We
learned this week that Burger King will buy a Canadian restaurant chain and
open a headquarters for the new, merged company in Toronto, a move that may
allow the fast-food giant to lower its tax burden. The announcement sparked denunciations
of Burger King and threats of boycotts – the same response
that apparently caused Walgreens to stop considering a similar move abroad. The
White House is reportedly thinking
about circumventing Congress yet again and adopting new regulations to stem
corporate flight.
We
can’t afford to sit back and watch U.S. businesses pull up stakes and move
away. But I don’t believe the answer lies in exerting ever-more government
control over businesses. Like people, businesses respond to incentives. If the
U.S. taxes them much more than other countries do, then U.S. businesses have an
incentive to move.
So
I suggest we remove that incentive – and while we’re at it, we should revamp
the entire way businesses are taxed and provide new incentives for businesses
to stay here, expand, and bring money home that is now parked in foreign tax
havens.
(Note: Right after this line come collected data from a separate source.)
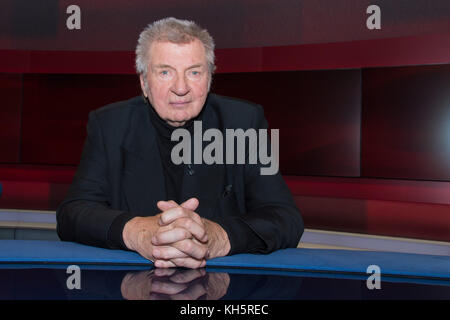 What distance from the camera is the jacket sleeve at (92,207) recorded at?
1.18 meters

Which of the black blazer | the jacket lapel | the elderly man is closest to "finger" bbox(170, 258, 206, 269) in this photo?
the elderly man

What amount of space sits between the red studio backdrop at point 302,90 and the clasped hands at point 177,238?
91.1 inches

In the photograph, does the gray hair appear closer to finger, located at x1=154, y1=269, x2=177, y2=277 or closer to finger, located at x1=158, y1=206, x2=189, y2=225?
finger, located at x1=158, y1=206, x2=189, y2=225

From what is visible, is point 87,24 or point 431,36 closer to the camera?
point 431,36

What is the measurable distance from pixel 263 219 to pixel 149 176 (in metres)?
0.41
I have proposed using 100 percent expensing as a way to accomplish
those goals. You can read more about my proposal here.
Separately,
I have a new op-ed outlining a more effective response to Russia’s
belligerence. You can read it here.
Finally,
I wanted to share a few pictures of my trip this week to Sequoia National Park,
one of central California’s great natural treasures. Portuguese Ambassador Nuno
Brito and I had an instructive talk with the park rangers, who led a ceremony
declaring my daughters Julia and Margaret to be junior rangers after they
climbed to the top of Moro Rock.
Not
long ago, my daughters saw something they seemed to like as much as Sequoia
National Park – John Boehner’s toy monkey.